## [ABOUT THIS EXERCISE]
Beginning with the first line, please repeat the entries exactly and end on the line that contains "The gated pool with direct beach access.".

## [RAW DATA]

"""

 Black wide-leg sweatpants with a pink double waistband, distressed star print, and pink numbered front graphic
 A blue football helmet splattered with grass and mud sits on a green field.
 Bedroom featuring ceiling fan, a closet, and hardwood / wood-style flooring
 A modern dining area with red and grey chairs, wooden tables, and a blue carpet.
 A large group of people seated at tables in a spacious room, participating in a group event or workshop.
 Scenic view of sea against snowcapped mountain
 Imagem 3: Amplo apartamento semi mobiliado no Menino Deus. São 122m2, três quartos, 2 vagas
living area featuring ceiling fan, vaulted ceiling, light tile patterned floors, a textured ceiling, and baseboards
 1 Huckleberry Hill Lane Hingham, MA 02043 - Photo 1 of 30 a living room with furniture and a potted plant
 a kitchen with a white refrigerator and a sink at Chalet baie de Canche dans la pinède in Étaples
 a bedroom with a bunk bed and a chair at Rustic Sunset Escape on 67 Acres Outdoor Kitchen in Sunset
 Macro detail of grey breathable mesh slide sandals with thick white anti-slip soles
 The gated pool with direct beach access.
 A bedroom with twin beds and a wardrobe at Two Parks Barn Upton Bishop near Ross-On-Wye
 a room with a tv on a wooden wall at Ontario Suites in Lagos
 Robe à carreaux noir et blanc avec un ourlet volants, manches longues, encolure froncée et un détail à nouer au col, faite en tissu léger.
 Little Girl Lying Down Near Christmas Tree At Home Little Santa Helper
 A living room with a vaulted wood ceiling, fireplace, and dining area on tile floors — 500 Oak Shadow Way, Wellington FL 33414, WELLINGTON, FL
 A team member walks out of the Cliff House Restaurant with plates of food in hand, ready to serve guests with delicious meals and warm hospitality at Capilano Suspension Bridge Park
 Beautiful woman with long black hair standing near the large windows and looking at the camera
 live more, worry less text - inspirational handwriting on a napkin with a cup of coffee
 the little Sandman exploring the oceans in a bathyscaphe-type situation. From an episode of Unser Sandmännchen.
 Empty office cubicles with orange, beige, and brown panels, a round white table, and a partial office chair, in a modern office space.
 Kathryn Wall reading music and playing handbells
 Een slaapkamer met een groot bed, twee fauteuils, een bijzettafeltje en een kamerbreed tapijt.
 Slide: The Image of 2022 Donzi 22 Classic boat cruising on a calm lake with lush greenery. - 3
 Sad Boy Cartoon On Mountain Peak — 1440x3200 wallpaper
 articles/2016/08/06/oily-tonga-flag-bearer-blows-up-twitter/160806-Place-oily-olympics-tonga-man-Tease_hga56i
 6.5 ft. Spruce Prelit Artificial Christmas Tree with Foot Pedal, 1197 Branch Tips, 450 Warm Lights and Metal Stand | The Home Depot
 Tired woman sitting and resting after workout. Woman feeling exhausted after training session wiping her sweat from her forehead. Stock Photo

"""

## [RESPONSE TO THIS EXERCISE]
 Black wide-leg sweatpants with a pink double waistband, distressed star print, and pink numbered front graphic
 A blue football helmet splattered with grass and mud sits on a green field.
 Bedroom featuring ceiling fan, a closet, and hardwood / wood-style flooring
 A modern dining area with red and grey chairs, wooden tables, and a blue carpet.
 A large group of people seated at tables in a spacious room, participating in a group event or workshop.
 Scenic view of sea against snowcapped mountain
 Imagem 3: Amplo apartamento semi mobiliado no Menino Deus. São 122m2, três quartos, 2 vagas
living area featuring ceiling fan, vaulted ceiling, light tile patterned floors, a textured ceiling, and baseboards
 1 Huckleberry Hill Lane Hingham, MA 02043 - Photo 1 of 30 a living room with furniture and a potted plant
 a kitchen with a white refrigerator and a sink at Chalet baie de Canche dans la pinède in Étaples
 a bedroom with a bunk bed and a chair at Rustic Sunset Escape on 67 Acres Outdoor Kitchen in Sunset
 Macro detail of grey breathable mesh slide sandals with thick white anti-slip soles
 The gated pool with direct beach access.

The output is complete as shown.